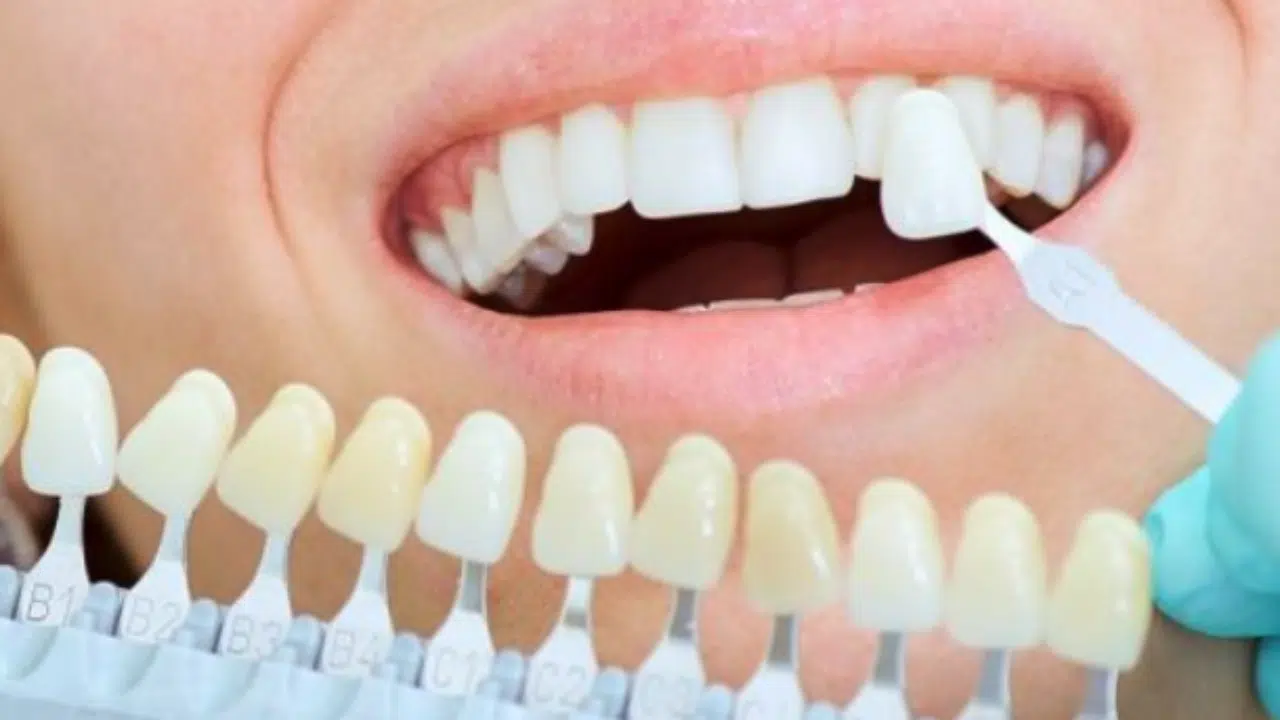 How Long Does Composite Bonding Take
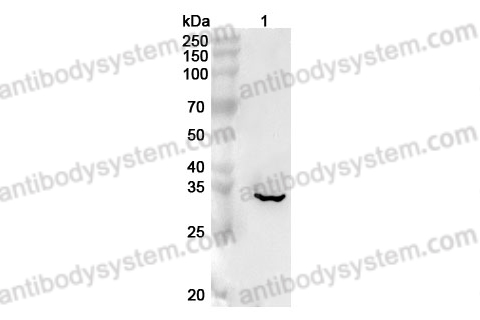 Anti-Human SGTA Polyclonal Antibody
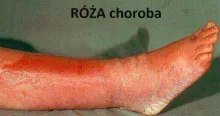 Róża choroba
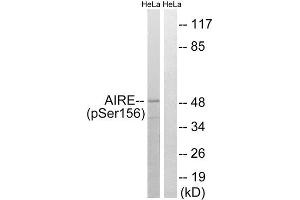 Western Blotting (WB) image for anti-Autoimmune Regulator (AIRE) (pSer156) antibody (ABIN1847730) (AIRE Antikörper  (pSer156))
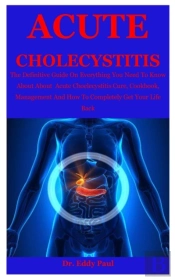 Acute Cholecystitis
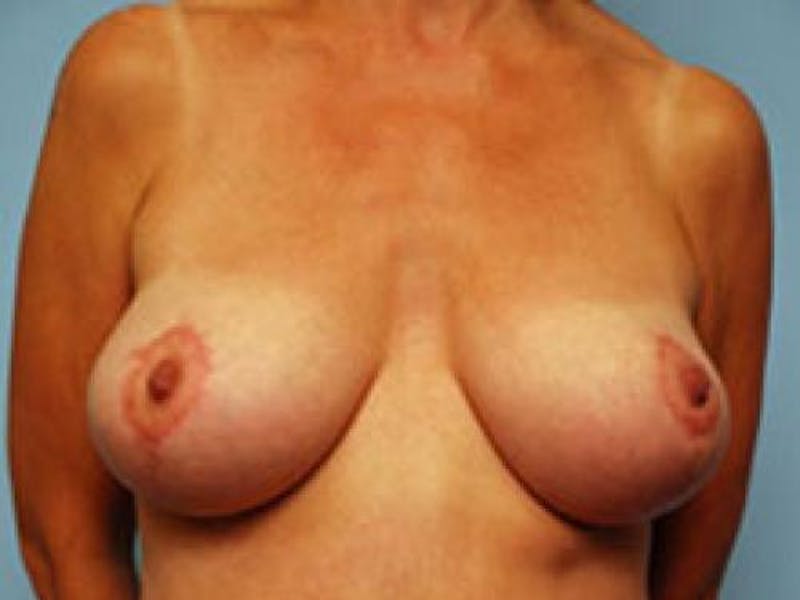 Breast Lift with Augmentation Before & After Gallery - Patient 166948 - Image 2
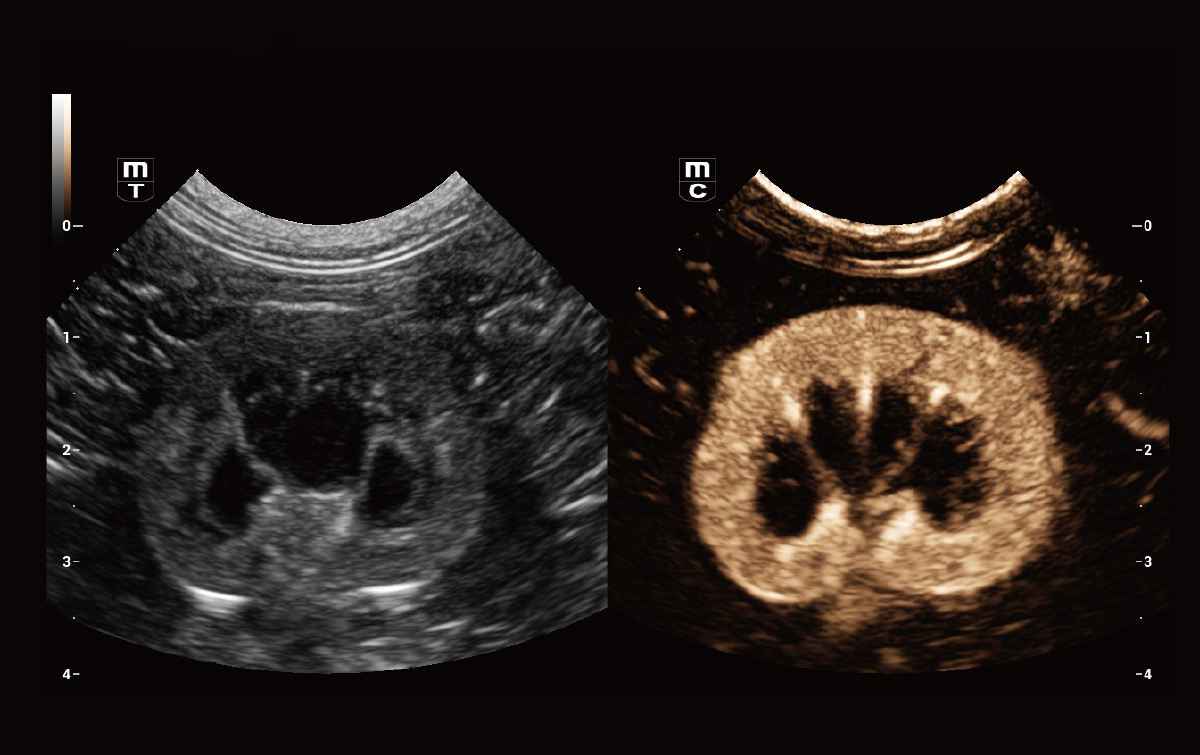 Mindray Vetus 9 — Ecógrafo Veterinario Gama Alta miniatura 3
----
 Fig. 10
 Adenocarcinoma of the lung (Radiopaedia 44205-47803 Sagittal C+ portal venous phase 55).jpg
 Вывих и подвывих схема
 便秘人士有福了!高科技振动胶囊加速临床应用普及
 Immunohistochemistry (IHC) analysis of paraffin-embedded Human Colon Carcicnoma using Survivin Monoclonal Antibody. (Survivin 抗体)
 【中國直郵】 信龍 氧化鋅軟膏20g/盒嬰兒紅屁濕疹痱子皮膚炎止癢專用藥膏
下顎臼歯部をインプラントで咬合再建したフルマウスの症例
----
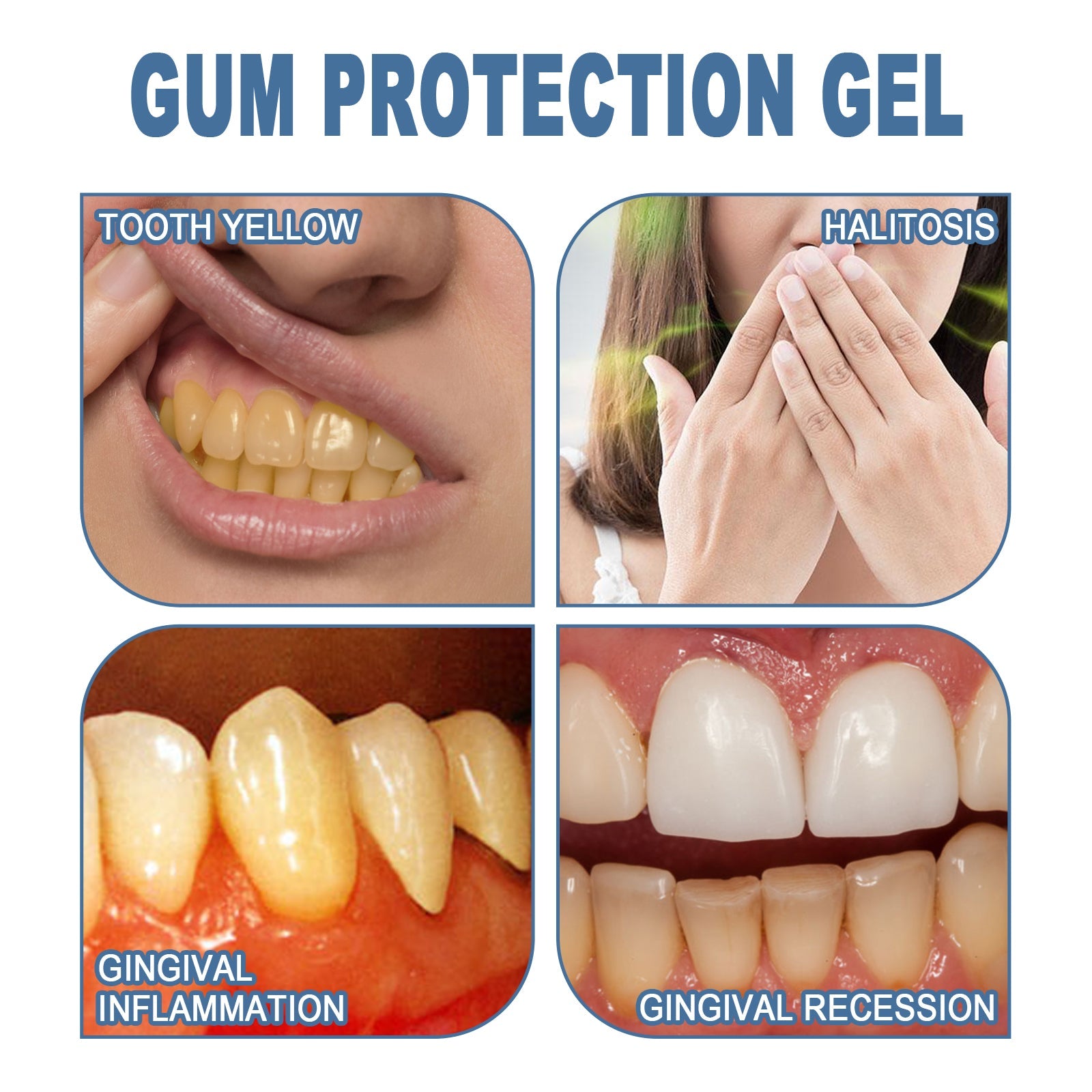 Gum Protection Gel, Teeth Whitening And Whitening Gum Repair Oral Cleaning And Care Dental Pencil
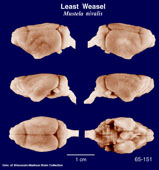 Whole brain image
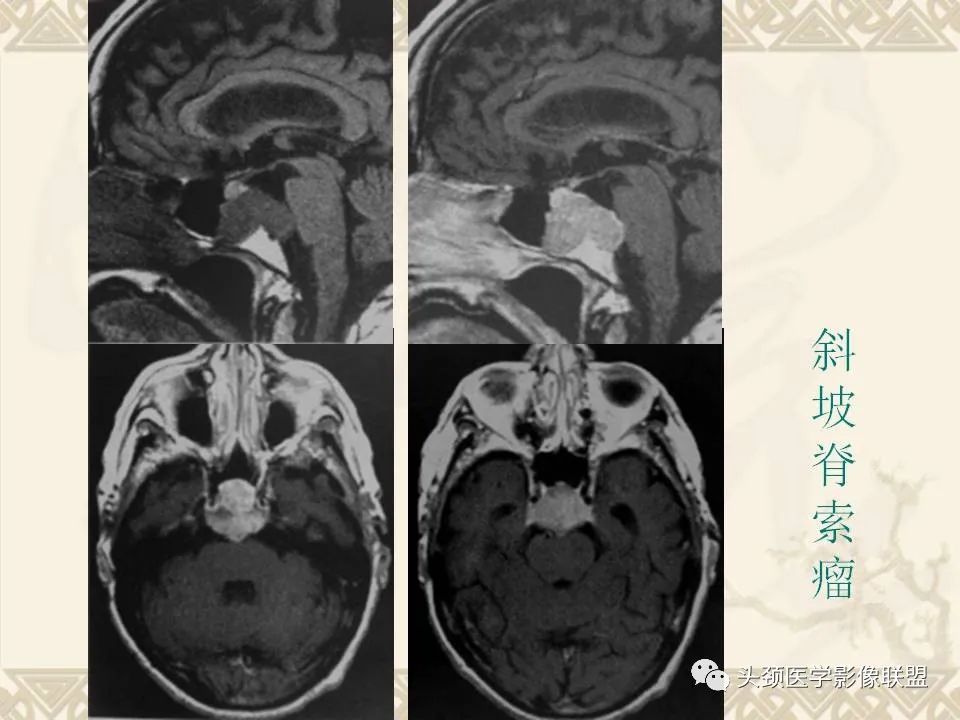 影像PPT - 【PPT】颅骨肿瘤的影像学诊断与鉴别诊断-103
----
▶ _BRIEF_: Given the records above, restate word for word only the lines starting at the one with "便秘人士有福了!高科技振动胶囊加速临床应用普及" and ending at the one with "下顎臼歯部をインプラントで咬合再建したフルマウスの症例".

▶ _RESULT OF THIS TASK_:
 便秘人士有福了!高科技振动胶囊加速临床应用普及
 Immunohistochemistry (IHC) analysis of paraffin-embedded Human Colon Carcicnoma using Survivin Monoclonal Antibody. (Survivin 抗体)
 【中國直郵】 信龍 氧化鋅軟膏20g/盒嬰兒紅屁濕疹痱子皮膚炎止癢專用藥膏
下顎臼歯部をインプラントで咬合再建したフルマウスの症例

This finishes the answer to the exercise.